• **Exercise details**
Below is a listing with pictures in it; transcribe exactly the lines from the one that has "Shutdowns disrupt life" through the one that has "Billet Silver Metallic", and omit those pictures.

• **Materials provided**

##############################

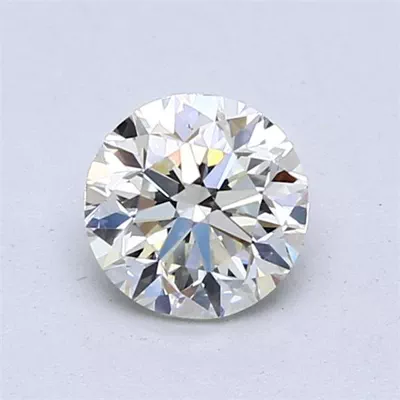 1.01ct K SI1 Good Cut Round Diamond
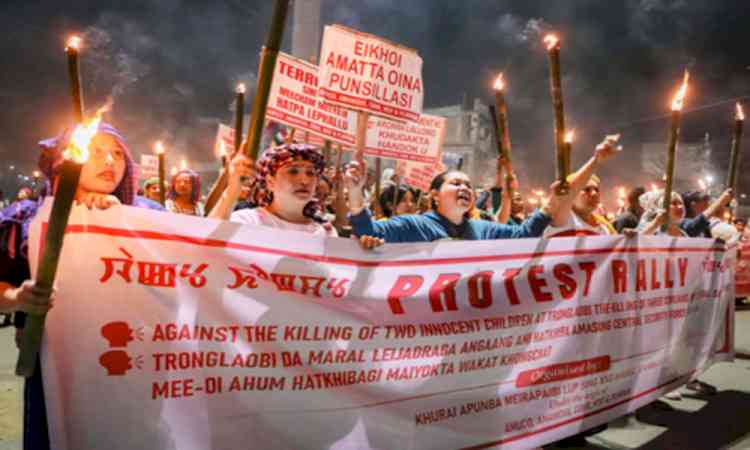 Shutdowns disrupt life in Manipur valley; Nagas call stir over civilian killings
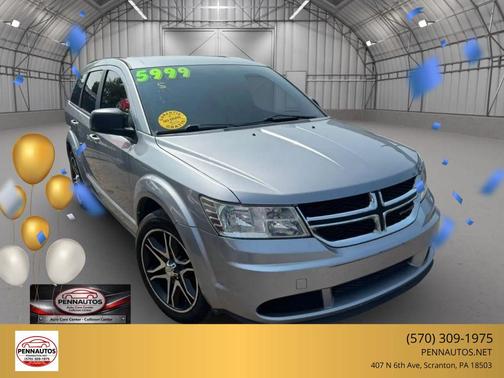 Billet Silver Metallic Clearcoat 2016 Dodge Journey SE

##############################

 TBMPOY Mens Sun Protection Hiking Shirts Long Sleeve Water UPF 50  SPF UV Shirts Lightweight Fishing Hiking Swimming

##############################

• **Expected answer**
 Shutdowns disrupt life in Manipur valley; Nagas call stir over civilian killings
 Billet Silver Metallic Clearcoat 2016 Dodge Journey SE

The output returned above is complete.